Hitchens had a good line about why Trotsky survives as a figurehead, whereas others were "localized before they were defeated." He credits Deutscher as a Talmudic scholar and a Marxist polymath. On both, Deutscher pauses halfway in to address Trotsky's Jewishness:
"As a rule the progressive or revolutionary Jew, brought up on the border lines of various religions and national cultures, whether Spinoza or Marx, Heine or Freud, Rosa Luxemburg or Trotsky was particularly apt to transcend in his mind religious and national limitations and to identify himself with a universal view of mankind. He was therefore also peculiarly vulnerable whenever either religious fanaticisms or nationalist emotions ran high. Spinoza and Marx, Heine and Freud, Rosa Luxemburg and Trotsky, all suffered excommunication, exile, and moral or physical assassination; and the writings of all were burned at the stake."
Excellent quote but you would think the revolutionary Jew from Nazareth should at least get a nod?

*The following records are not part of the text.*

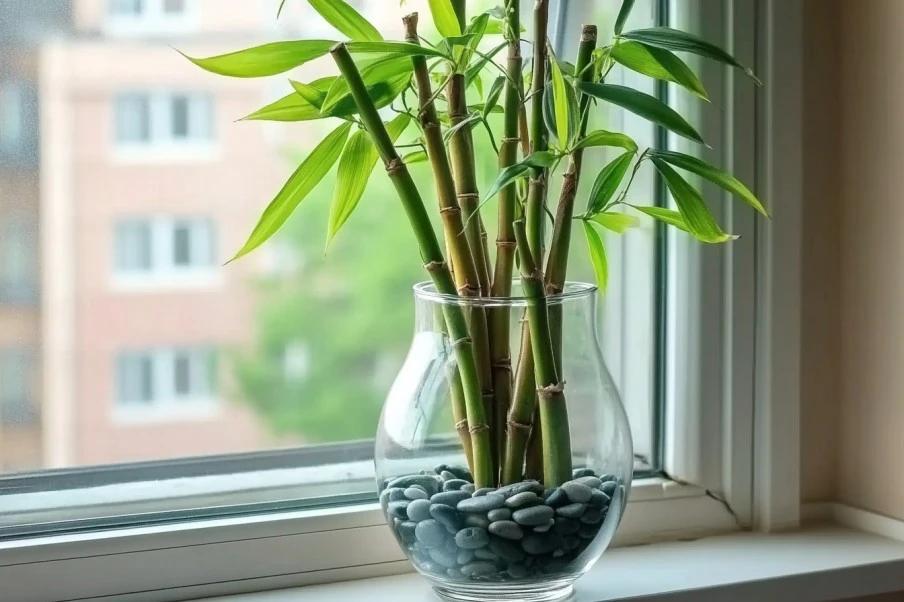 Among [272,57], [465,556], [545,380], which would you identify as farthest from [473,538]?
[272,57]

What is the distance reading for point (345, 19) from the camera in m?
0.74

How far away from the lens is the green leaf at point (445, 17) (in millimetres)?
746

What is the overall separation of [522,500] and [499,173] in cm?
24

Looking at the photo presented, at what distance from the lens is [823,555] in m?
0.96

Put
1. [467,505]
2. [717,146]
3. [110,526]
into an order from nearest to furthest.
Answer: [467,505], [110,526], [717,146]

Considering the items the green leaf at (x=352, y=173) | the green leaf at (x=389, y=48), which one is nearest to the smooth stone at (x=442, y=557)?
→ the green leaf at (x=352, y=173)

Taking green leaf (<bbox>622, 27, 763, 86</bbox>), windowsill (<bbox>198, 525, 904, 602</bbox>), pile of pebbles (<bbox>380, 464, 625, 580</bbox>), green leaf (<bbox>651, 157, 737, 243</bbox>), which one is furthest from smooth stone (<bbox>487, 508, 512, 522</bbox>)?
green leaf (<bbox>622, 27, 763, 86</bbox>)

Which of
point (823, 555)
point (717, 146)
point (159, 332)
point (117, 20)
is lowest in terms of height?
point (823, 555)

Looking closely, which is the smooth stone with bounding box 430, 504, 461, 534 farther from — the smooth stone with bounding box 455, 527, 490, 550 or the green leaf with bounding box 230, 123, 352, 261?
the green leaf with bounding box 230, 123, 352, 261

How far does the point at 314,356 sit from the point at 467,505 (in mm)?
315

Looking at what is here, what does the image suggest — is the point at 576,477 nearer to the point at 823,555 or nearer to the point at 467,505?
the point at 467,505

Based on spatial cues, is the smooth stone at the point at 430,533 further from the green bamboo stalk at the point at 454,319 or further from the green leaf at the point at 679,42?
the green leaf at the point at 679,42

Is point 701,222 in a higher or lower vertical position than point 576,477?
higher

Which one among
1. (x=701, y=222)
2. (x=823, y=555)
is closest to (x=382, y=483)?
(x=701, y=222) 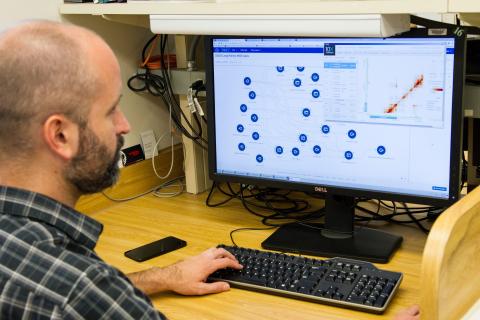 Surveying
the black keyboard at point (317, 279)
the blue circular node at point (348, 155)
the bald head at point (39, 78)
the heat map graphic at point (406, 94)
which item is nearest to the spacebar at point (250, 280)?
the black keyboard at point (317, 279)

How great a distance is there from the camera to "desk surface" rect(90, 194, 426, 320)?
128cm

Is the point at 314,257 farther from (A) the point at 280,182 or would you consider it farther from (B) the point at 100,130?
(B) the point at 100,130

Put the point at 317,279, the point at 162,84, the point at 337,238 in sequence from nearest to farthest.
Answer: the point at 317,279 < the point at 337,238 < the point at 162,84

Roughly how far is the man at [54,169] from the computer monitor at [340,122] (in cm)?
56

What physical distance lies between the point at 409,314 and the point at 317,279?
0.70 feet

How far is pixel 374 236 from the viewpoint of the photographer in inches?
61.9

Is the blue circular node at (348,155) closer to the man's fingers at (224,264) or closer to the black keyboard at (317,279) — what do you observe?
the black keyboard at (317,279)

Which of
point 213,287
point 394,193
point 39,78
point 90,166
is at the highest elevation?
point 39,78

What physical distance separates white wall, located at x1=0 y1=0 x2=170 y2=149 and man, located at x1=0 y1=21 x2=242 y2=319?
2.76 feet

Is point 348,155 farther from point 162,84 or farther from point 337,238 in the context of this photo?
point 162,84

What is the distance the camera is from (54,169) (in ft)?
3.26

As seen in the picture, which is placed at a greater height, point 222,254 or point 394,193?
point 394,193

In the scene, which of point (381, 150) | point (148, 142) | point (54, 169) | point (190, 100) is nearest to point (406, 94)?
point (381, 150)

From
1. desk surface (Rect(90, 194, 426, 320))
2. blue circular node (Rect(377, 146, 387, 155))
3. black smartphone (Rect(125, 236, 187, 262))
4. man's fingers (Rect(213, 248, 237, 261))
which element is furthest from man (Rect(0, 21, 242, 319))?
blue circular node (Rect(377, 146, 387, 155)) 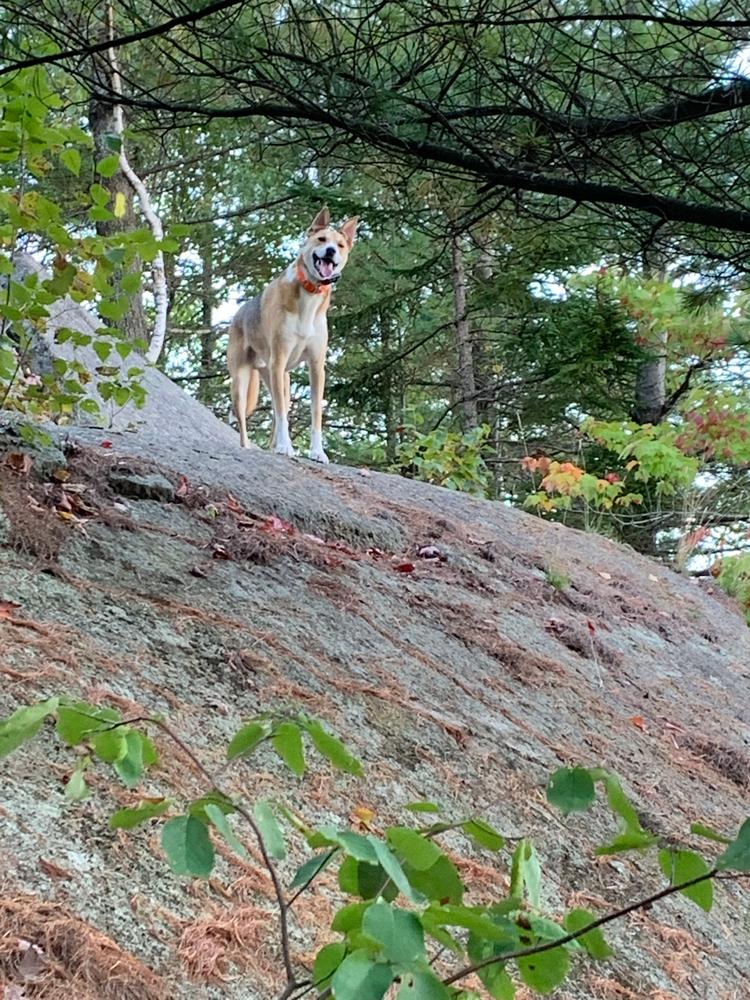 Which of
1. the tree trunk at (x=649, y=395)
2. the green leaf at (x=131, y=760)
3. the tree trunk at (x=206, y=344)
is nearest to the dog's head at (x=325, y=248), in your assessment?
the tree trunk at (x=649, y=395)

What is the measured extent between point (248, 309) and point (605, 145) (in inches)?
215

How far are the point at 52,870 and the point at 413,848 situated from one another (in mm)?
1097

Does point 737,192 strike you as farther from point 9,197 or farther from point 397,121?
point 9,197

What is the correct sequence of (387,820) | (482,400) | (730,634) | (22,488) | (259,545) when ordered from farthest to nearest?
1. (482,400)
2. (730,634)
3. (259,545)
4. (22,488)
5. (387,820)

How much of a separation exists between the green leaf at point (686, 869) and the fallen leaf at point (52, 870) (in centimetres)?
120

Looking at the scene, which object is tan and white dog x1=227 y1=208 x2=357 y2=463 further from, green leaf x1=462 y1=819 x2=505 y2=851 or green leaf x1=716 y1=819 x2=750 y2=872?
green leaf x1=716 y1=819 x2=750 y2=872

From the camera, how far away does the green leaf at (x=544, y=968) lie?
99cm

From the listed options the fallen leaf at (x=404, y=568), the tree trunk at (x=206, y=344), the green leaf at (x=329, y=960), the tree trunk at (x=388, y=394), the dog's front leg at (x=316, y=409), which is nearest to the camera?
the green leaf at (x=329, y=960)

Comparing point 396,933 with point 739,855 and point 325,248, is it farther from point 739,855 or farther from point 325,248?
point 325,248

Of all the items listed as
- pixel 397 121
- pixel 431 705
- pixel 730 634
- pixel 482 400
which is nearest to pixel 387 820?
pixel 431 705

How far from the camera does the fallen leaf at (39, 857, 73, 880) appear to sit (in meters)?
1.71

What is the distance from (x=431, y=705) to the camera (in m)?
3.26

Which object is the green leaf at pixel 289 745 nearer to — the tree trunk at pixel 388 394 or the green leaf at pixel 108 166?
the green leaf at pixel 108 166

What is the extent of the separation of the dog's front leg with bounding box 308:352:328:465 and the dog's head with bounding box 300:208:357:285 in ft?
2.33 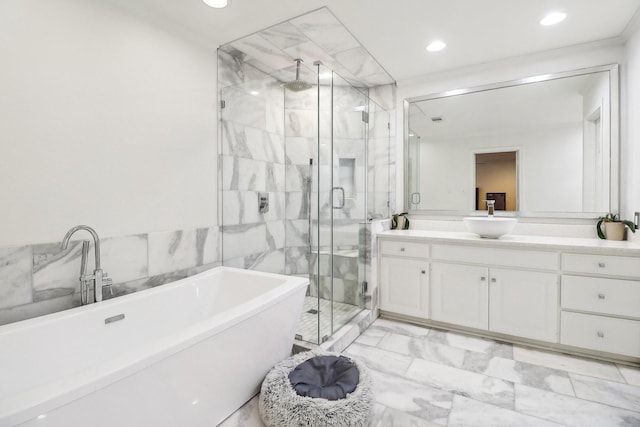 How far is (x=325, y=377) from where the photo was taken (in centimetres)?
179

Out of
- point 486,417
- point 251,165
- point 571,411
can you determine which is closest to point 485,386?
point 486,417

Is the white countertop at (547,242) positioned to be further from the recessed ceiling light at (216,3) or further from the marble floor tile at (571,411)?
the recessed ceiling light at (216,3)

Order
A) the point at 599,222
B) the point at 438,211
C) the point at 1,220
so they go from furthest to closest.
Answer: the point at 438,211 < the point at 599,222 < the point at 1,220

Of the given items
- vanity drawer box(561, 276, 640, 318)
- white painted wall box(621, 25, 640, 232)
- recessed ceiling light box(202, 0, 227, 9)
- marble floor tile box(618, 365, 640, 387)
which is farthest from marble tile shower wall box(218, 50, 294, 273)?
white painted wall box(621, 25, 640, 232)

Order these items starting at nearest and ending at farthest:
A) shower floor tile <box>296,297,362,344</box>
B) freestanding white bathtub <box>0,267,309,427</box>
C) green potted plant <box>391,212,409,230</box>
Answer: freestanding white bathtub <box>0,267,309,427</box> < shower floor tile <box>296,297,362,344</box> < green potted plant <box>391,212,409,230</box>

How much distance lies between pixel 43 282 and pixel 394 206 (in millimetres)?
3038

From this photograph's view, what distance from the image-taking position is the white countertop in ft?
7.11

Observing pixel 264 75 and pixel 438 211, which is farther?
pixel 438 211

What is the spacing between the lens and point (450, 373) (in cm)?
211

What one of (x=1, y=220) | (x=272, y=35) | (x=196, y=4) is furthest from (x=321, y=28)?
(x=1, y=220)

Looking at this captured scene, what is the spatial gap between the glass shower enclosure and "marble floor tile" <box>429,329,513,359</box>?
71 centimetres

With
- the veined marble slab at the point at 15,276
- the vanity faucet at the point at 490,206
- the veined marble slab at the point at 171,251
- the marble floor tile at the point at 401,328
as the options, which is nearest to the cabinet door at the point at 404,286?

There is way too much to even begin to summarize, whether coming to terms with an absurdity like "inner-party democracy" or in trying to imagine who you would favor, the working class or the wealthy peasantry. The bourgeoisie actually have their uses, which was one of the pleasant surprises of this book. What explains Trotsky's failure to seize power after Lenin died? The plot is exceptionally thick, and what you won't get is Hamlet-like explanations for why not. By contrast, I dipped into the Robert Service biography and in five minutes of browsing was told outright that Trotsky is a murderer and that one time in the early 1920s he looked the other way from his wife. If you need to feel superior than your subject, then Deutscher's is not the one for you. But if you're into a person whose cultural and educational philosophy is against "half-knowledge and semi-competence" (p. 141-2) and who, surprisingly, didn't favor abusive language, please, give this one a go.